## ACTIVITY:
Leave every picture out, and write out the remaining entries exactly.

## DATA EXTRACTS:
#####

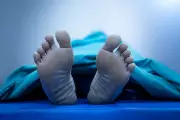 Zombie Filler: The Macabre US Trend Using Corpse Fat for Cosmetic Procedures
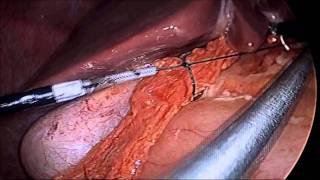 laparoscopic repair of the perforated duodenal ulcer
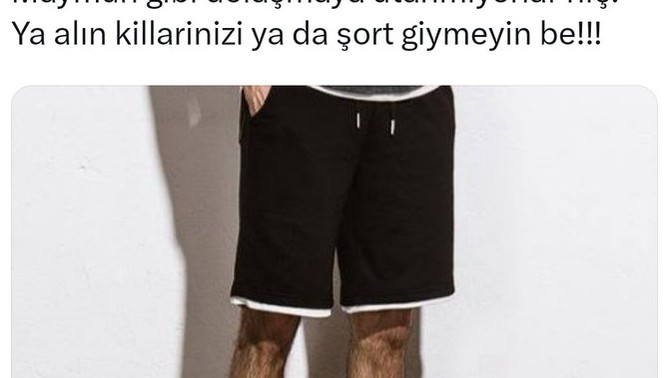 Kıllı erkeklerin şort giymeye hakkı yokmu🙄?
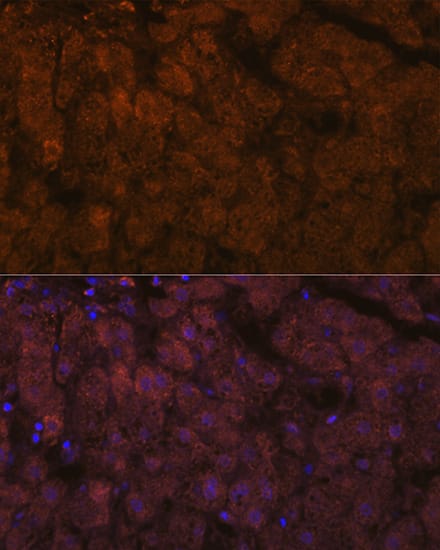 Immunocytochemistry/ Immunofluorescence: ADAMTS13 Antibody (7B2Z8) [ADAMTS13] - Immunofluorescence analysis of paraffin-embedded human liver using ADAMTS13 Rabbit mAb  at dilution of 1:100 (40x lens). Secondary antibody: Cy3 Goat Anti-Rabbit IgG (H+L)  at 1:500 dilution. Blue: DAPI for nuclear staining.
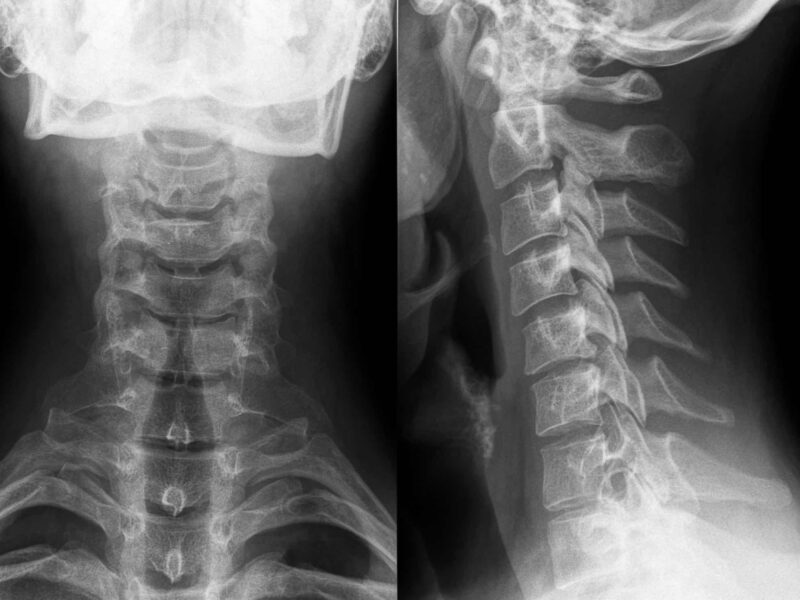 Xray of neck and spine
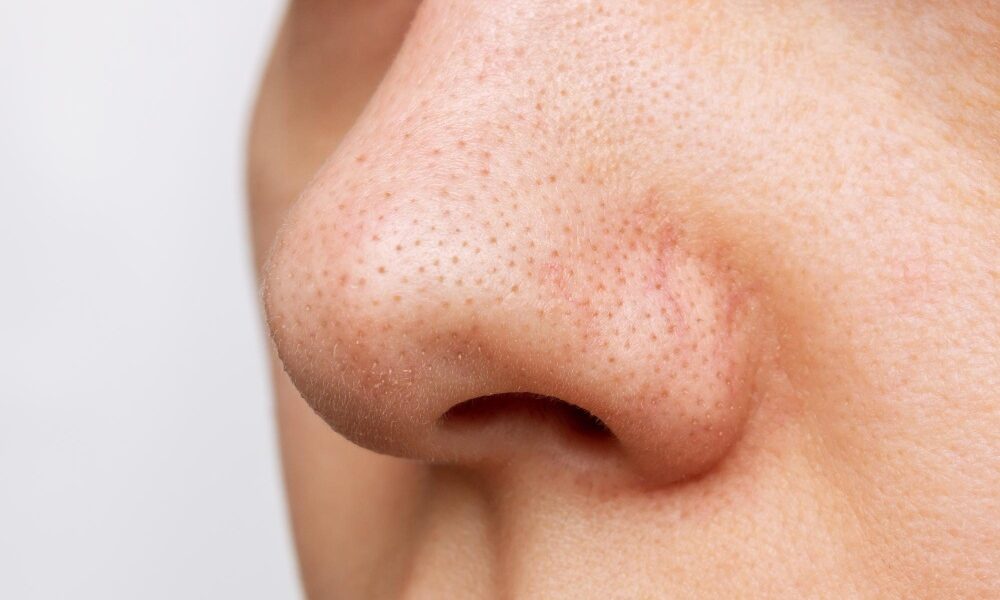 čierne bodky na nose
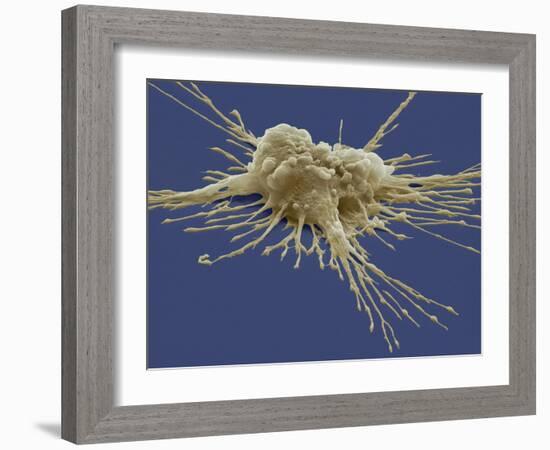 Pluripotent Stem Cell, SEM-Steve Gschmeissner-Framed Photographic Print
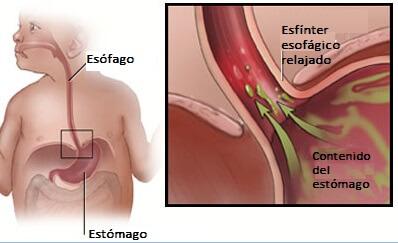 Reflujo gastroesofágico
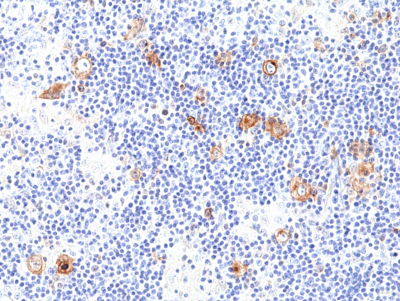 Immunohistochemical staining of formalin fixed and paraffin embedded human Hodgkins lymphoma tissue section using anti- CD30 rabbit monoclonal antibody (Clone RM425) at a 1:100 dilution.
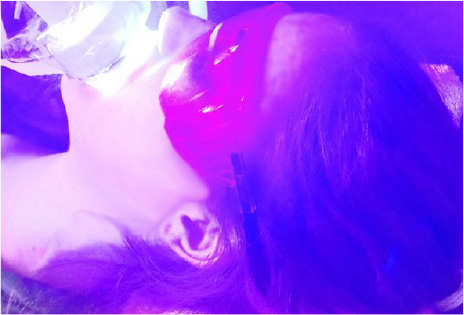 CoolBright-UltraEZy施術中の写真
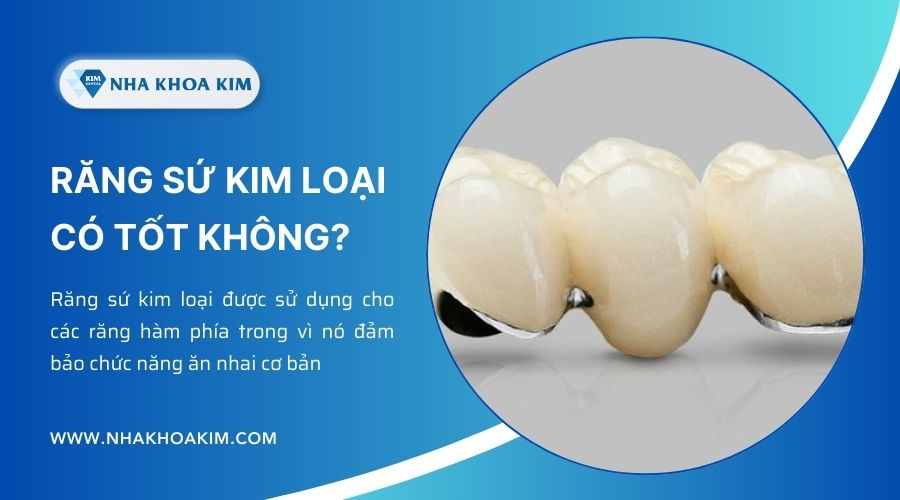 bọc răng sứ kim loại có tốt không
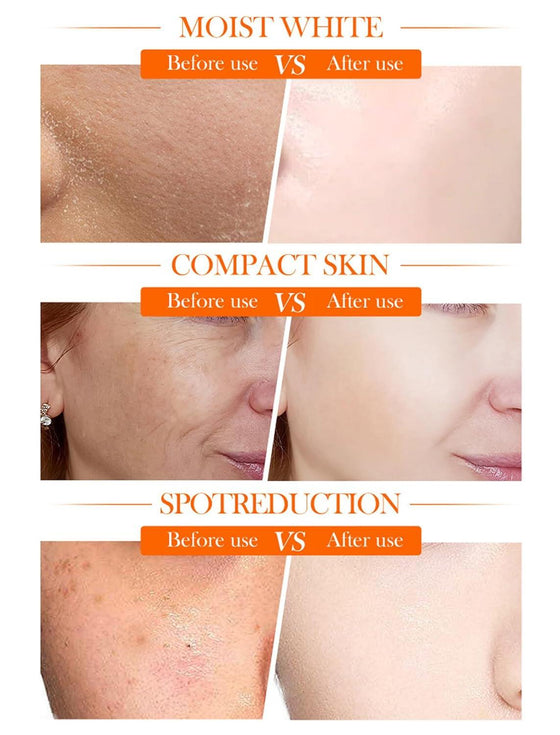 Crema facial vitamina C y niacinamida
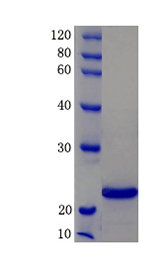 Tyrosine-protein kinase BTK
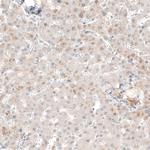 NMU Antibody in Immunohistochemistry (Paraffin) (IHC (P))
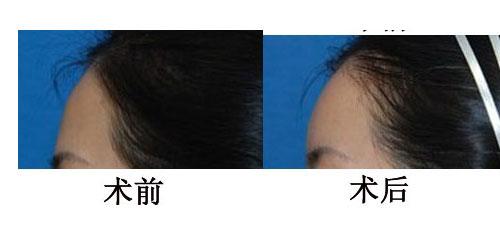 上海自體脂肪<a href=http://www.sbs17.com/listinfo-643-0.html target=_blank class=infotextkey>豐額頭</a>大概需要多少錢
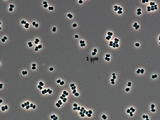 This microscopic image shows dozens of individual bacterial cells of the recently discovered species Tersicoccus phoenicis.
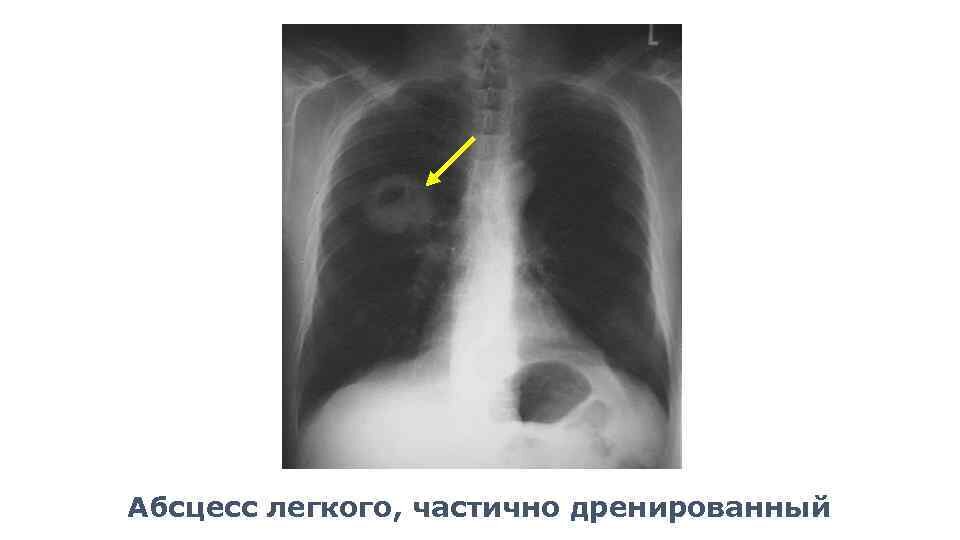 Жёлтая стрелка указывает на абсцесс лёгкого - "шарик" с жидкостью, которая расположена в нижней части образования. Сверху расположен воздух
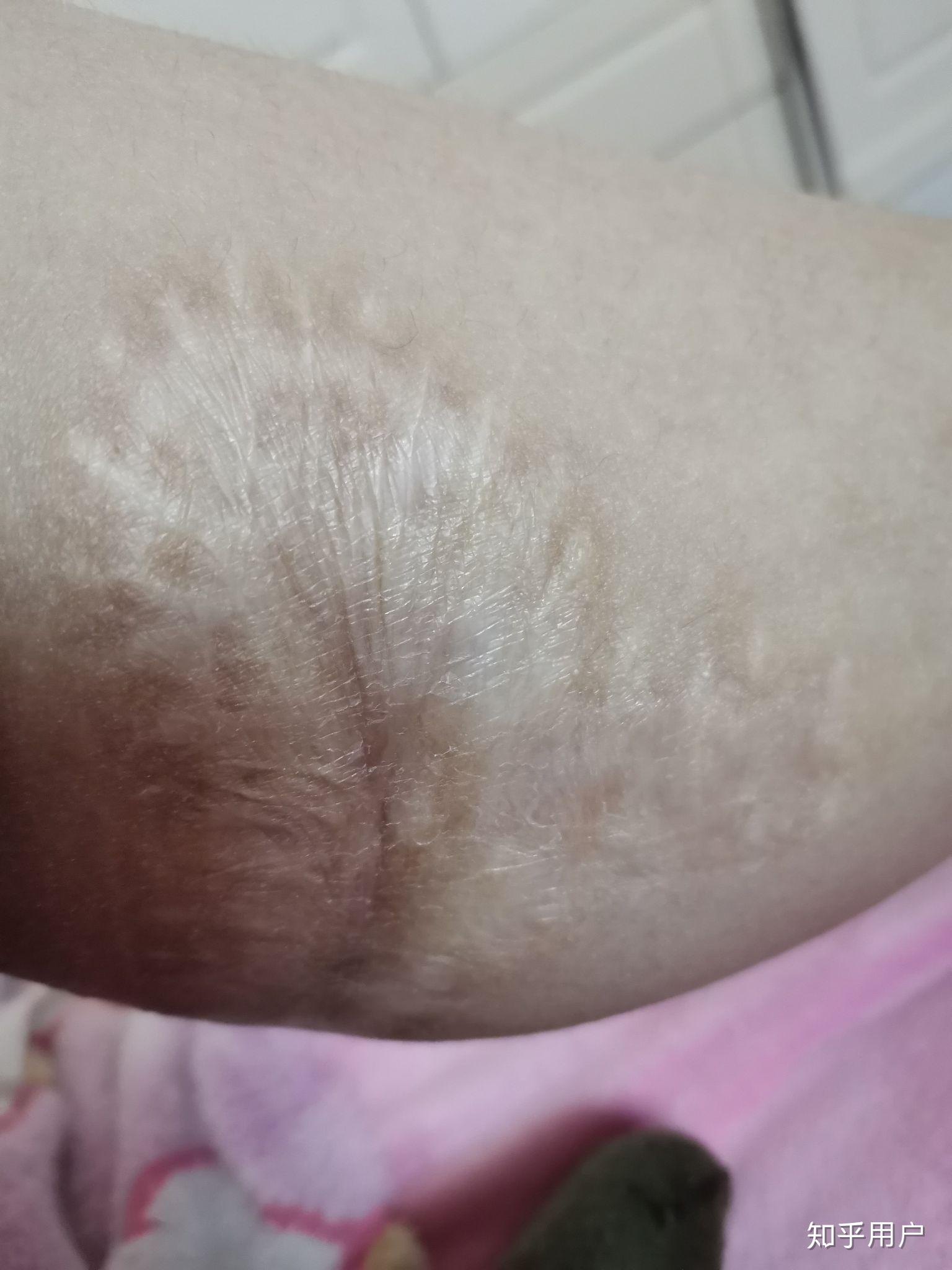 有没有人因腿上有大面积疤,十几年都没穿过短裤短裙? - 知乎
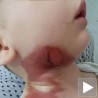 Одакле опекотине на дечаку леченом у Тиршовој
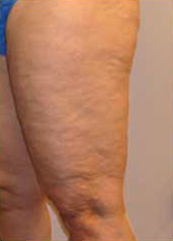 cellulite des cuisses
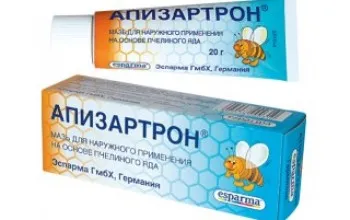 як лікувати радикуліт мазь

#####

## EXERCISE ANSWER:
 Zombie Filler: The Macabre US Trend Using Corpse Fat for Cosmetic Procedures
 laparoscopic repair of the perforated duodenal ulcer
 Kıllı erkeklerin şort giymeye hakkı yokmu🙄?
 Immunocytochemistry/ Immunofluorescence: ADAMTS13 Antibody (7B2Z8) [ADAMTS13] - Immunofluorescence analysis of paraffin-embedded human liver using ADAMTS13 Rabbit mAb  at dilution of 1:100 (40x lens). Secondary antibody: Cy3 Goat Anti-Rabbit IgG (H+L)  at 1:500 dilution. Blue: DAPI for nuclear staining.
 Xray of neck and spine
 čierne bodky na nose
 Pluripotent Stem Cell, SEM-Steve Gschmeissner-Framed Photographic Print
 Reflujo gastroesofágico
 Immunohistochemical staining of formalin fixed and paraffin embedded human Hodgkins lymphoma tissue section using anti- CD30 rabbit monoclonal antibody (Clone RM425) at a 1:100 dilution.
 CoolBright-UltraEZy施術中の写真
 bọc răng sứ kim loại có tốt không
 Crema facial vitamina C y niacinamida
 Tyrosine-protein kinase BTK
 NMU Antibody in Immunohistochemistry (Paraffin) (IHC (P))
 上海自體脂肪<a href=http://www.sbs17.com/listinfo-643-0.html target=_blank class=infotextkey>豐額頭</a>大概需要多少錢
 This microscopic image shows dozens of individual bacterial cells of the recently discovered species Tersicoccus phoenicis.
 Жёлтая стрелка указывает на абсцесс лёгкого - "шарик" с жидкостью, которая расположена в нижней части образования. Сверху расположен воздух
 有没有人因腿上有大面积疤,十几年都没穿过短裤短裙? - 知乎
 Одакле опекотине на дечаку леченом у Тиршовој
 cellulite des cuisses
 як лікувати радикуліт мазь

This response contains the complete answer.